'Doomsday' Has Never Been Closer

It is now 100 seconds to 'midnight,' says Bulletin of the Atomic Scientists
By Newser Editors and Wire Services
Posted Jan 23, 2020 1:52 PM CST
'Doomsday' Has Never Been Closer
File photo of the Doomsday Clock being adjusted. It now stands at 100 seconds until midnight.   (AP Photo/Carolyn Kaster)

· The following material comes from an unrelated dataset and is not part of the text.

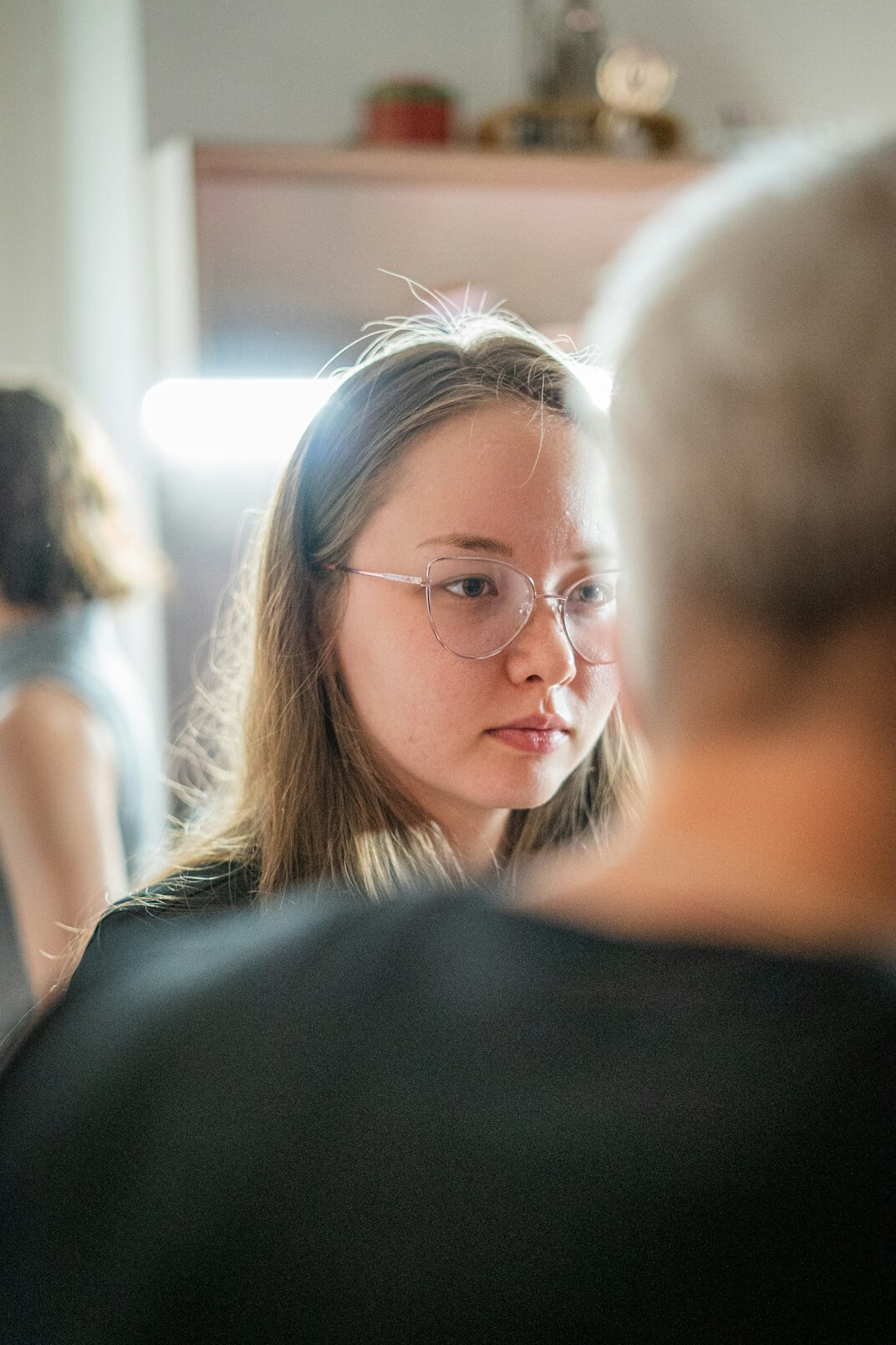 person listening attentively in conversation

The keepers of the Doomsday Clock on Thursday moved the symbolic countdown to global disaster to the closest point to midnight in its 73-year history, citing “existential danger” from nuclear war and climate change, per the AP. The Bulletin of the Atomic Scientists, which was founded after the creation of the atomic bomb in World War II and focuses on the greatest threats to human survival, said it moved the clock from two minutes to midnight to 100 seconds to midnight—a 20-second advance. The decision was made by the group’s science and security board, in consultations with its board of sponsors, which includes 13 Nobel laureates. The Doomsday Clock didn’t move in 2019, but in 2018 it advanced by 30 seconds to two minutes to midnight.

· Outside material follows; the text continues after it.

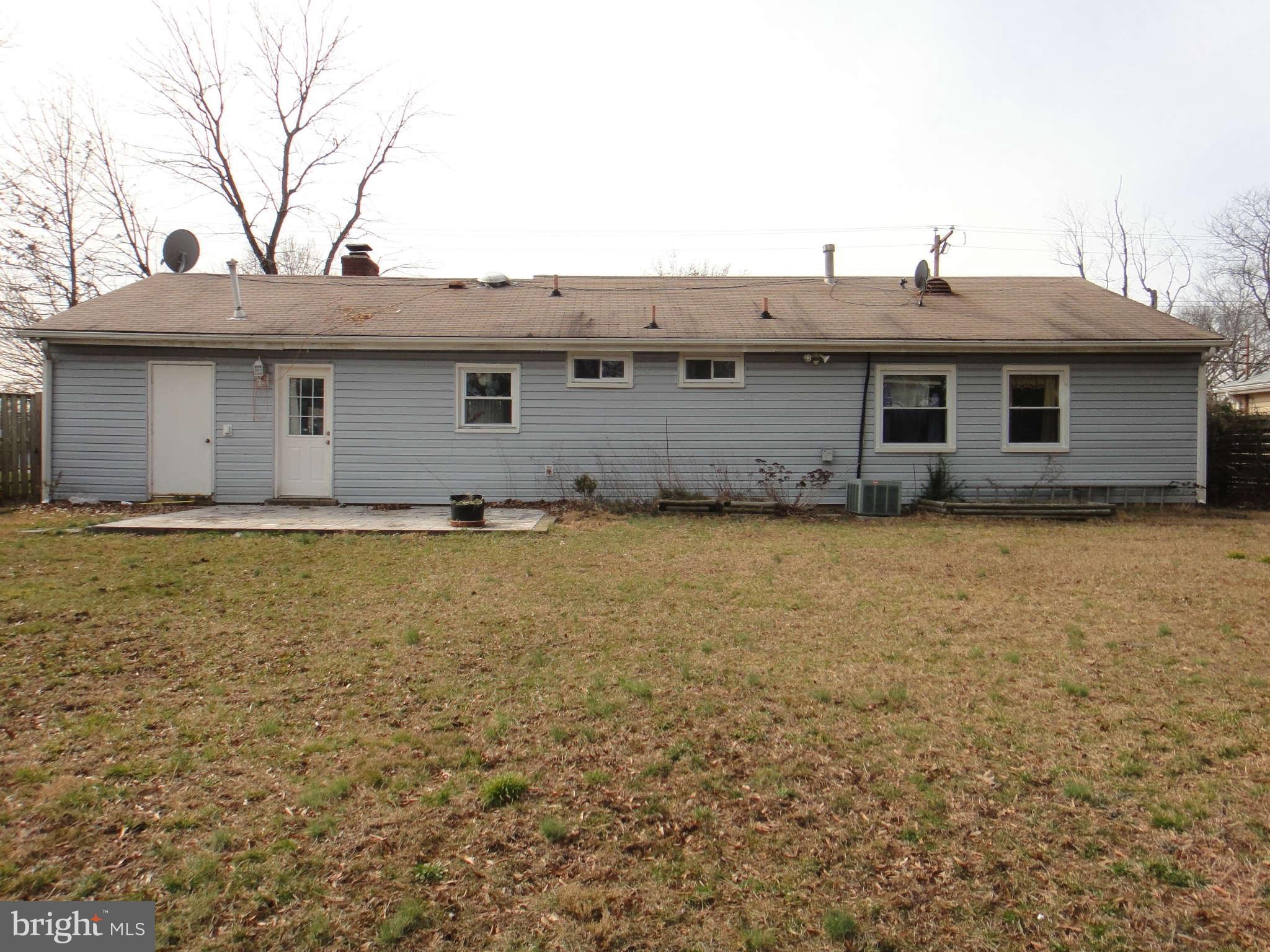 6221 Frontier Drive Springfield, VA 22150 - Photo 16 of 18 a front view of a house with yard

“We are now expressing how close the world is to catastrophe in seconds—not hours, or even minutes," said Rachel Bronson, president and CEO of the Bulletin of the Atomic Scientists. “We now face a true emergency—an absolutely unacceptable state of world affairs that has eliminated any margin for error or further delay,” she said. In a statement accompanying the clock’s advance, the organization said the nuclear and climate dangers “are compounded by a threat multiplier, cyber-enabled information warfare that undercuts society’s ability to respond.” The world situation is dire, "not just because these threats exist, but because world leaders have allowed the international political infrastructure for managing them to erode," says the group.